Your task: Scan each line of the records for the word "white" and extract the ones that have it.

Dataset extract:
|---|
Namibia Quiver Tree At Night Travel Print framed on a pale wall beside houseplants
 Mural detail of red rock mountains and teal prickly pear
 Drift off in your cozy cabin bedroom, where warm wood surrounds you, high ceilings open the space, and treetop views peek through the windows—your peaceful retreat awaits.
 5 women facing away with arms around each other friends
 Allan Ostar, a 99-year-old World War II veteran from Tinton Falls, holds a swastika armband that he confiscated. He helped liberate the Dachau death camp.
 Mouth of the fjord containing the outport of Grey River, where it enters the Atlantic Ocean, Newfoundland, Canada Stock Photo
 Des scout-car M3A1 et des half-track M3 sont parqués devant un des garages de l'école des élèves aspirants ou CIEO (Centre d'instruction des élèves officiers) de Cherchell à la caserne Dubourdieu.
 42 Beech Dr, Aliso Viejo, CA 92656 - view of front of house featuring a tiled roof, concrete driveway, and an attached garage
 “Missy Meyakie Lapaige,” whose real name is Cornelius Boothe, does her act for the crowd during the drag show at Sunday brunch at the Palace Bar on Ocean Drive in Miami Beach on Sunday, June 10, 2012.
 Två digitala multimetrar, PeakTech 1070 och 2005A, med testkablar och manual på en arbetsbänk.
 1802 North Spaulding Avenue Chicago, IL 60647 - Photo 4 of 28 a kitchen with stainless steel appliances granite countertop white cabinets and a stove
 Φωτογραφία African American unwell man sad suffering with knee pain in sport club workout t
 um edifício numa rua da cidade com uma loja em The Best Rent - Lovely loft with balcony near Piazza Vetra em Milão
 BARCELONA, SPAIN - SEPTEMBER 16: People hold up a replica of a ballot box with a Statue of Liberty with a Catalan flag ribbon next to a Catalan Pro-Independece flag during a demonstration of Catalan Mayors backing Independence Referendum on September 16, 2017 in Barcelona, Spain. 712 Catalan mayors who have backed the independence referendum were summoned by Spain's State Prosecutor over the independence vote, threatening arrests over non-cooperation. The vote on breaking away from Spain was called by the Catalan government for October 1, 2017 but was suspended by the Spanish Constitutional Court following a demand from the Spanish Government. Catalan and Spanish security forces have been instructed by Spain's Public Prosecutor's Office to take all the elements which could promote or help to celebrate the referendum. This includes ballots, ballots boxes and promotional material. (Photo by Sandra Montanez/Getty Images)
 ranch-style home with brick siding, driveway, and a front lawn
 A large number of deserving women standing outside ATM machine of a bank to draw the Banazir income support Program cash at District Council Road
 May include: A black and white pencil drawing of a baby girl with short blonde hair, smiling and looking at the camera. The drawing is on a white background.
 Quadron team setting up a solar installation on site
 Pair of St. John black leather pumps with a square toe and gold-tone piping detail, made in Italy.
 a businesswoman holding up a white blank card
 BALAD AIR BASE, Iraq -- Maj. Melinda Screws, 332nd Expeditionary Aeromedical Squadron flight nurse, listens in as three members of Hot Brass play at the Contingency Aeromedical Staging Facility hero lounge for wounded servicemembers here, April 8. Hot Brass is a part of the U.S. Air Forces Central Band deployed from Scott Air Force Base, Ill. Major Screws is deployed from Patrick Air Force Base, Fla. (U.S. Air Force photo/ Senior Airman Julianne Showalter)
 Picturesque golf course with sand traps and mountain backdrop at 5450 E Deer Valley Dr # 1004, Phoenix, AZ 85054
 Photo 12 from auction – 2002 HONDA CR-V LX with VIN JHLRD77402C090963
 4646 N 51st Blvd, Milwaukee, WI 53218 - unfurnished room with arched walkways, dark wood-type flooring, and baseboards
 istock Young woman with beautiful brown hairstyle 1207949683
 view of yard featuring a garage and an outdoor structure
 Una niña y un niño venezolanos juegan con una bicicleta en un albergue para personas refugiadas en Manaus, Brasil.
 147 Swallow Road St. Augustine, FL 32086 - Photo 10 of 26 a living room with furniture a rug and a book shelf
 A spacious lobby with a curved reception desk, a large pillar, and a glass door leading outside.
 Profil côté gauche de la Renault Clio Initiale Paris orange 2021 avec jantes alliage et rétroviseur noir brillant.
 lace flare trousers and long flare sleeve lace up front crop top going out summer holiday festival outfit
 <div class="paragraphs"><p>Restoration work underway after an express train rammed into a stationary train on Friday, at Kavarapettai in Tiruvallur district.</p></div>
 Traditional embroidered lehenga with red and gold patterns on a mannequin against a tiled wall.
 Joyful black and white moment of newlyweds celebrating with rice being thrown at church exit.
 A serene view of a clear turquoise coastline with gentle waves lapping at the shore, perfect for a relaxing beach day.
|---|
Exercise solution:
 1802 North Spaulding Avenue Chicago, IL 60647 - Photo 4 of 28 a kitchen with stainless steel appliances granite countertop white cabinets and a stove
 May include: A black and white pencil drawing of a baby girl with short blonde hair, smiling and looking at the camera. The drawing is on a white background.
 a businesswoman holding up a white blank card
 Joyful black and white moment of newlyweds celebrating with rice being thrown at church exit.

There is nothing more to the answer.